*Listed entries*:
☆ ☆ ☆ ☆ ☆ ☆ ☆
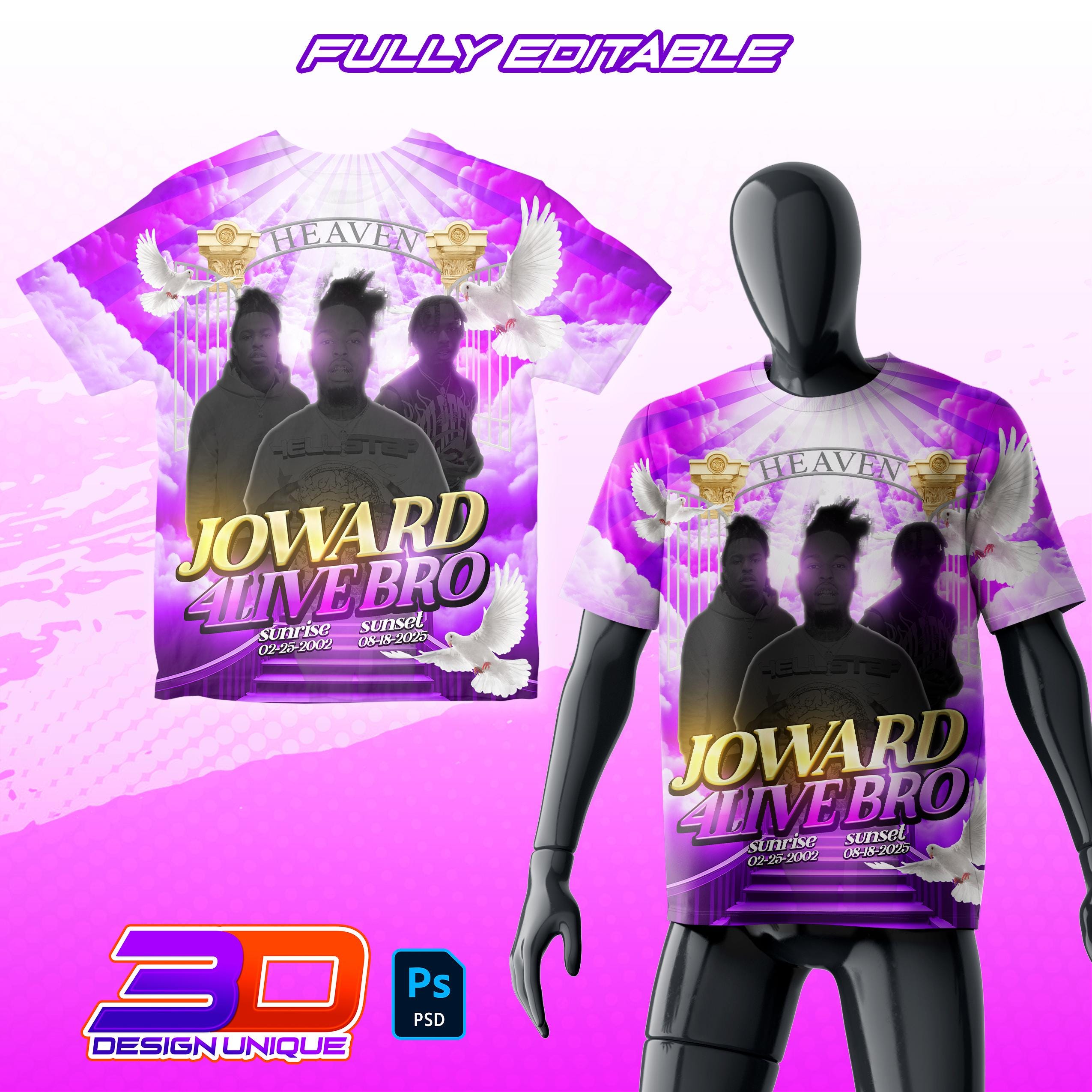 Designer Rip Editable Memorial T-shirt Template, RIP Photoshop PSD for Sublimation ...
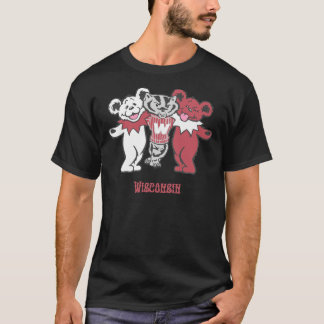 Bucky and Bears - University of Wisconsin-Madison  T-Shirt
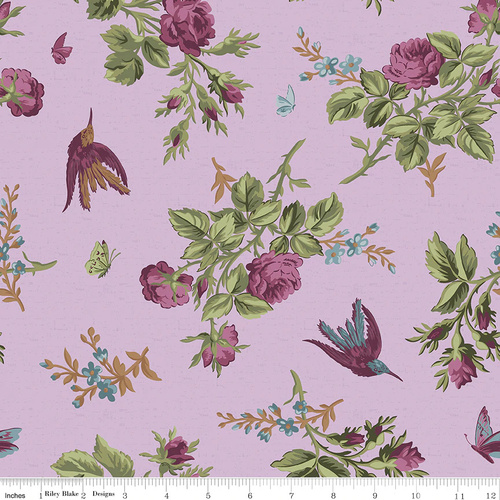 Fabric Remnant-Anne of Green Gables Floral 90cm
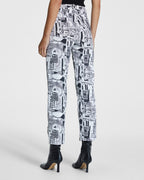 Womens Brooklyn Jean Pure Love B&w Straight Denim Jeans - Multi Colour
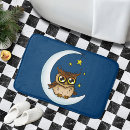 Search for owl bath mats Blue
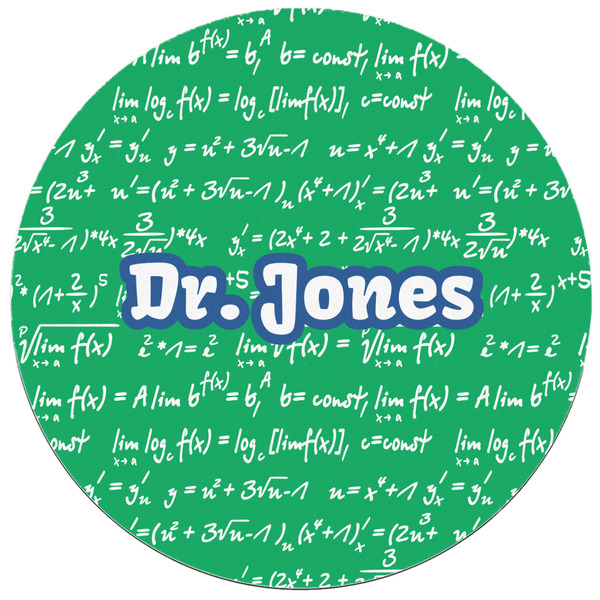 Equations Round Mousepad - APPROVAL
☆ ☆ ☆ ☆ ☆ ☆ ☆
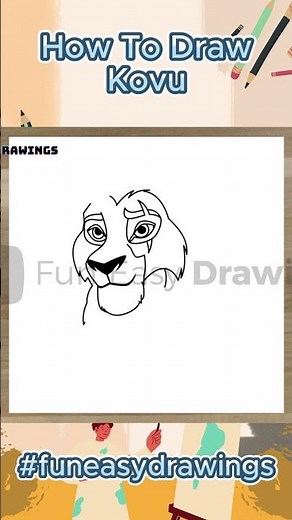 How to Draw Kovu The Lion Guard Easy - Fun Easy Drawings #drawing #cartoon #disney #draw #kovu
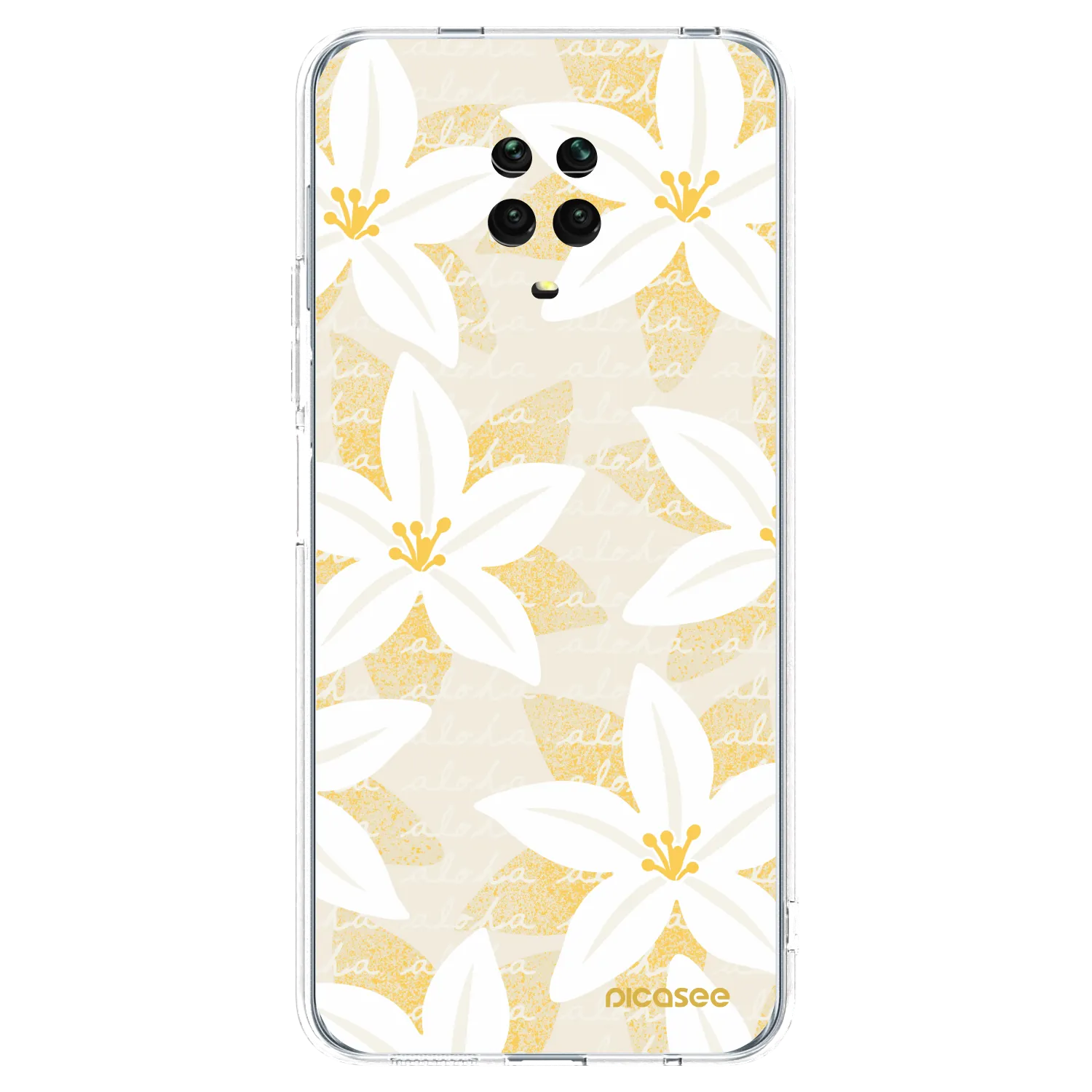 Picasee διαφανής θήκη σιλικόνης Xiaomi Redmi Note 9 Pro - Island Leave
☆ ☆ ☆ ☆ ☆ ☆ ☆
*What needs to be done*: Pictures excluded, transcribe the listing above exactly from the line with "Bucky and Bears" through the line with "Equations Round Mousepad - APPROVAL", and no further.

*Output for this exercise*:
 Bucky and Bears - University of Wisconsin-Madison  T-Shirt
 Fabric Remnant-Anne of Green Gables Floral 90cm
 Womens Brooklyn Jean Pure Love B&w Straight Denim Jeans - Multi Colour
 Search for owl bath mats Blue
 Equations Round Mousepad - APPROVAL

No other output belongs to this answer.